Exact repetition of a range: find the line containing "Cadena cubana con colgante de águila" and the line containing "Maison à VAIRES-SUR-MARNE" in the material below, then repeat both and all lines between them, leaving pictures out.

§ Stored data
"""

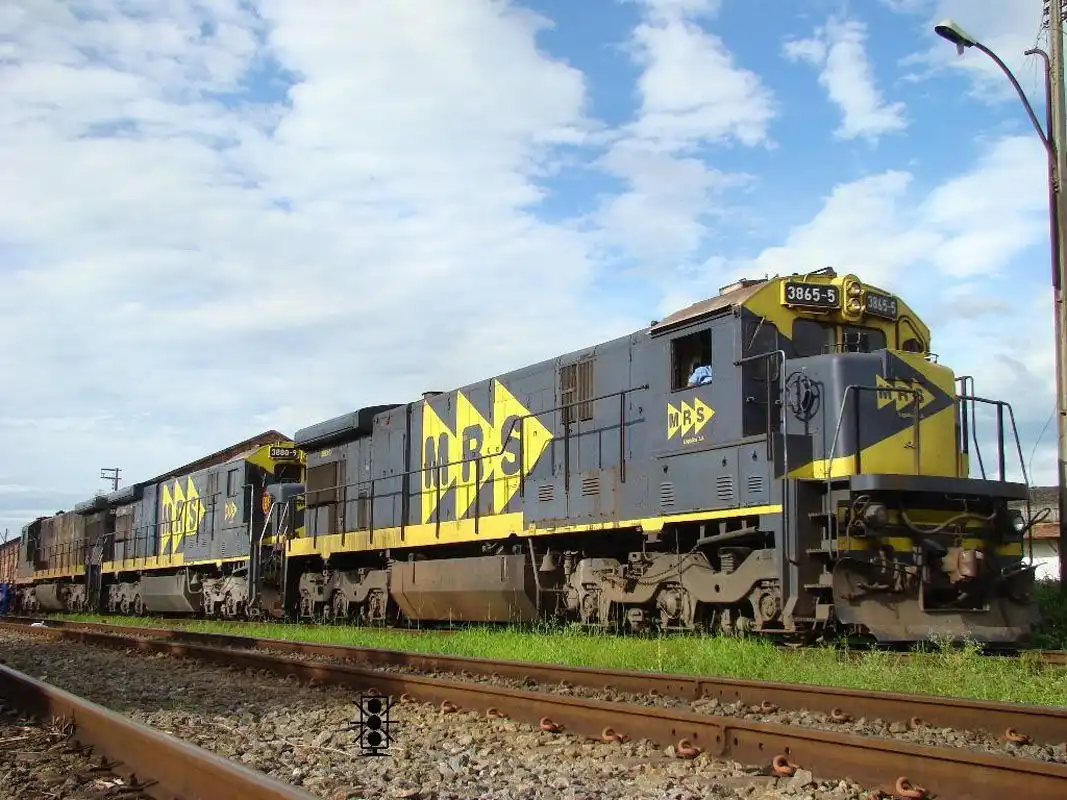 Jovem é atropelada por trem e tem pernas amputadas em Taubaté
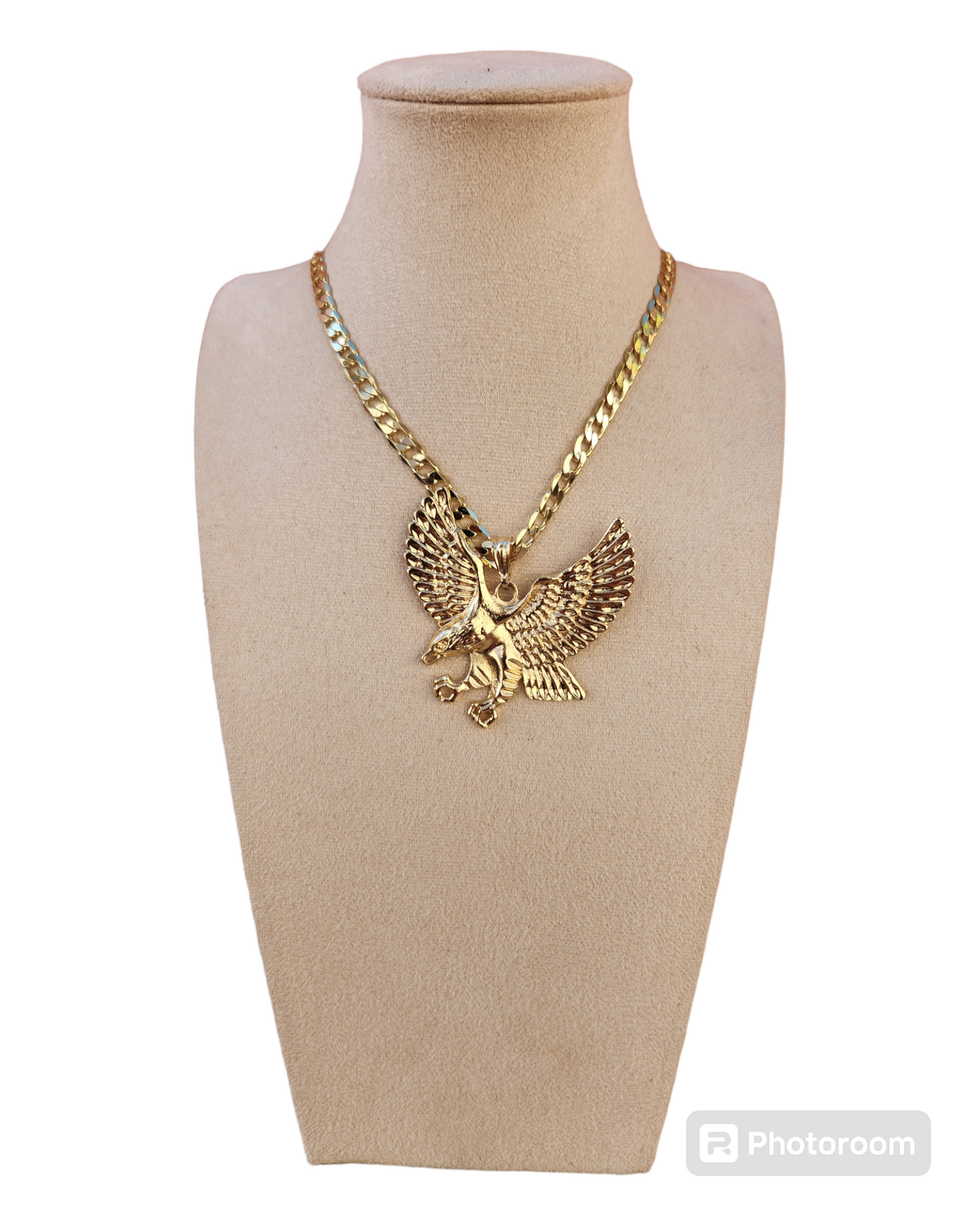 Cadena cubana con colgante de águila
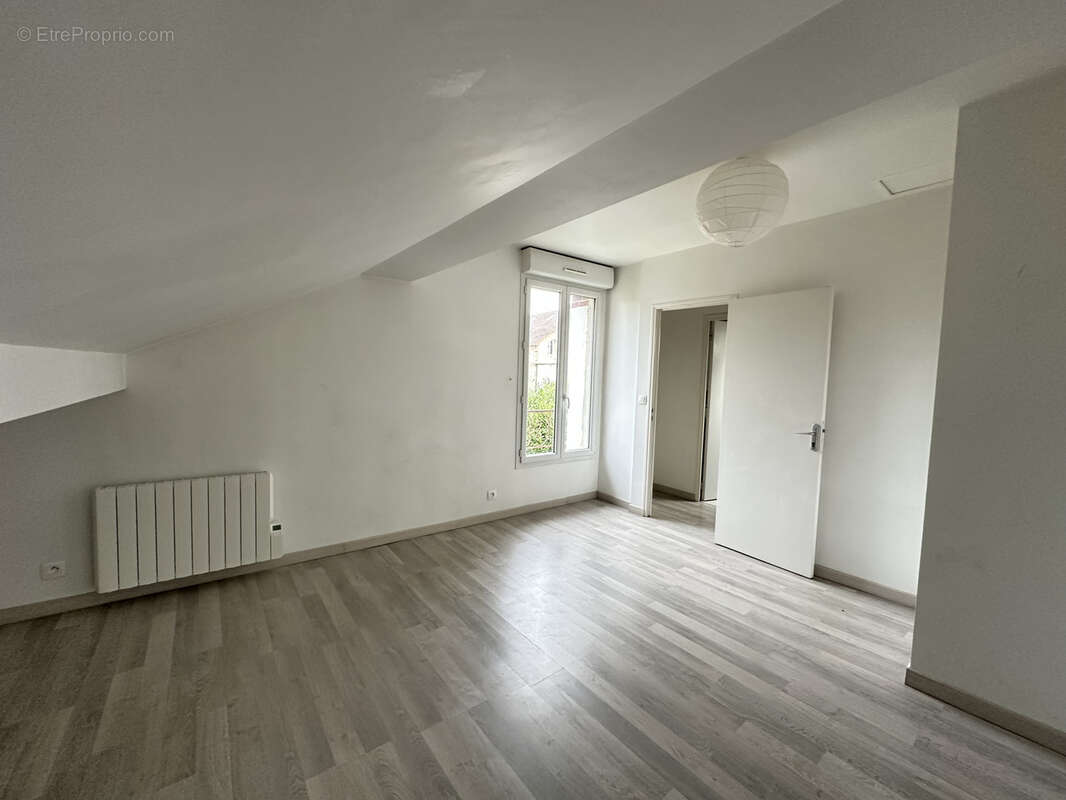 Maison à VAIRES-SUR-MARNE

"""
"""

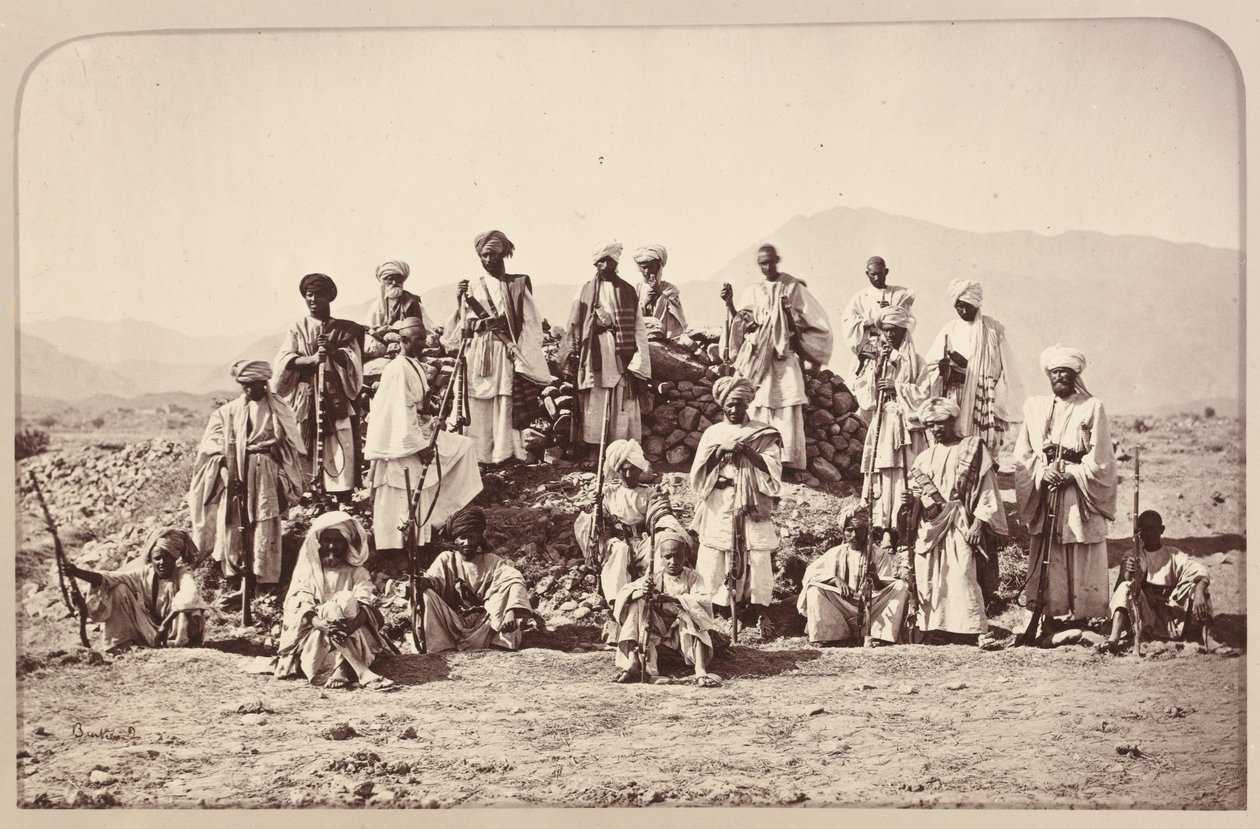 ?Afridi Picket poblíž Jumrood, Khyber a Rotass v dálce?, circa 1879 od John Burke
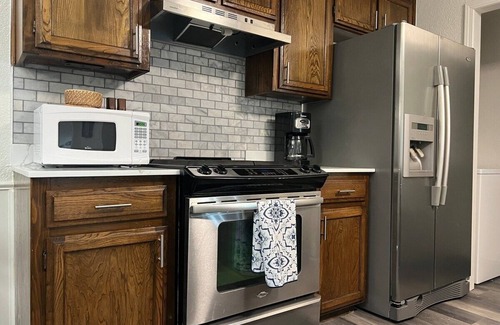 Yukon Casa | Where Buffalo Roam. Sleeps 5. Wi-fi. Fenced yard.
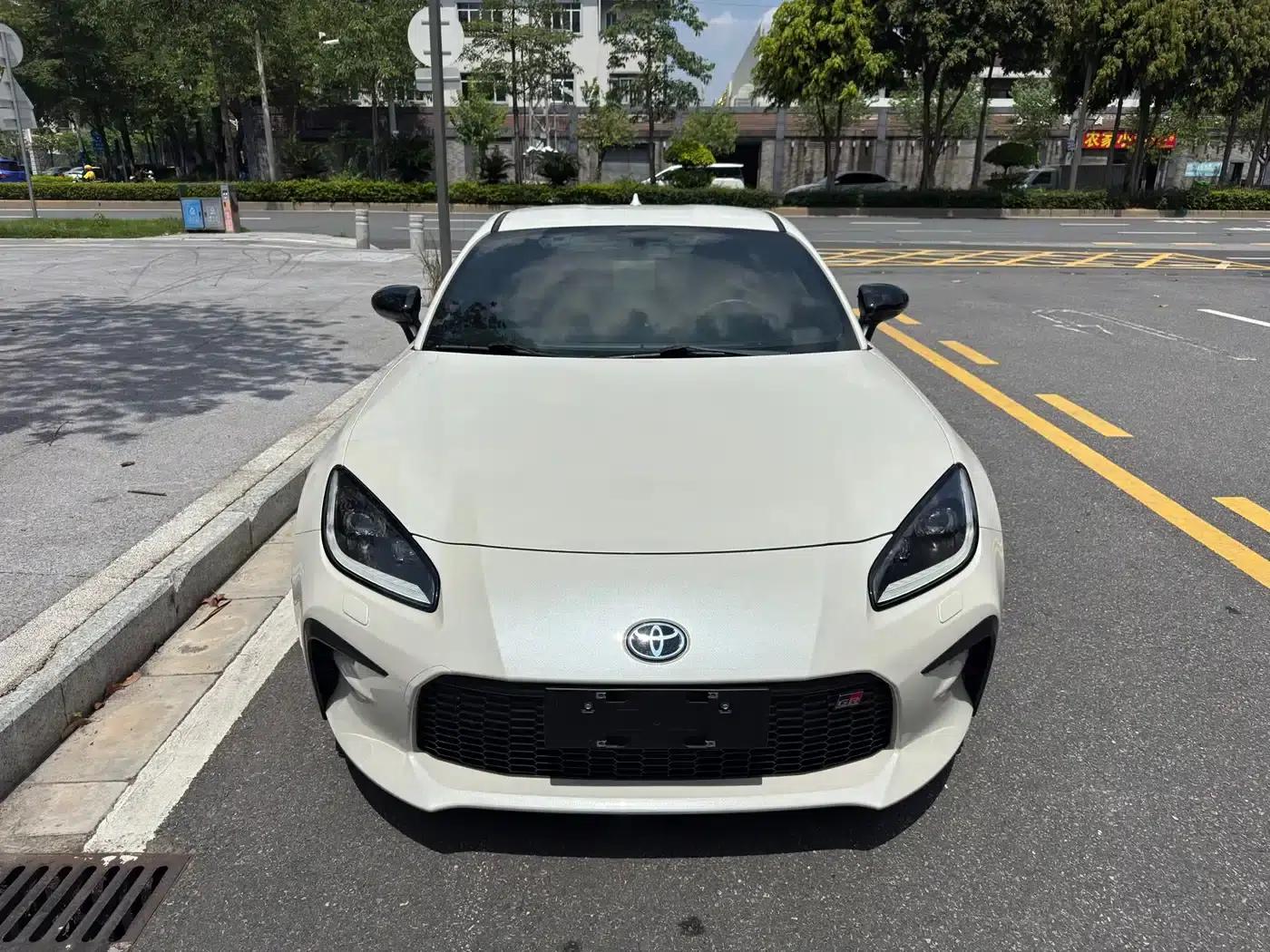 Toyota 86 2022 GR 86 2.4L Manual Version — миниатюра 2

"""
"""

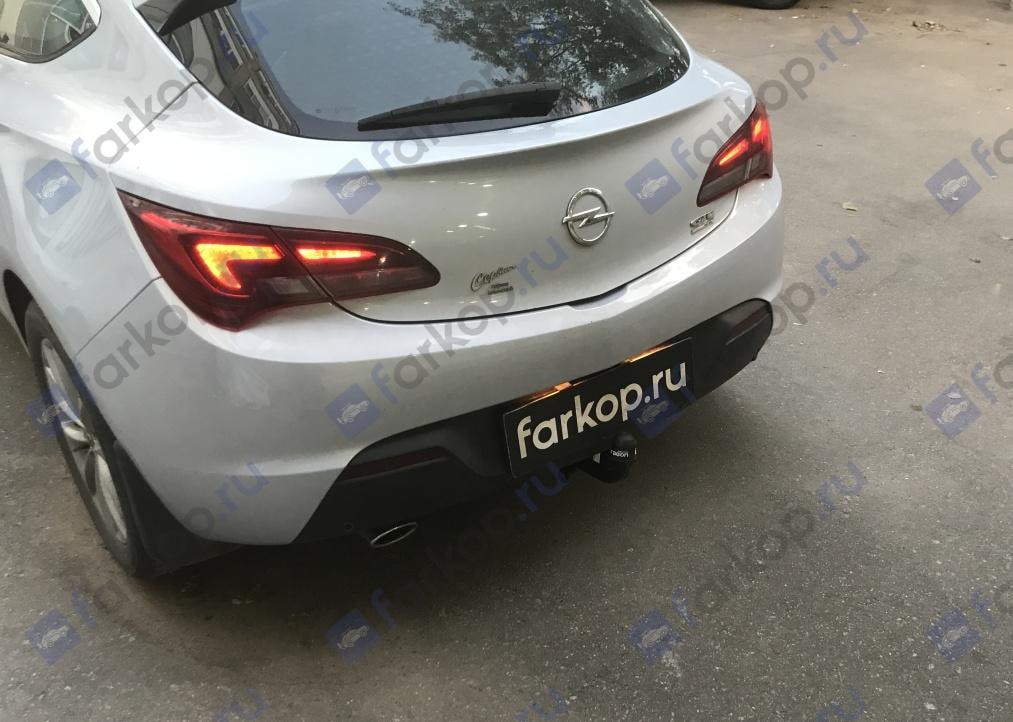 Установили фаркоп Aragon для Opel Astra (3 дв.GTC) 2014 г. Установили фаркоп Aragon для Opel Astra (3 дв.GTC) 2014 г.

"""

§ Reply to the exercise
 Cadena cubana con colgante de águila
 Maison à VAIRES-SUR-MARNE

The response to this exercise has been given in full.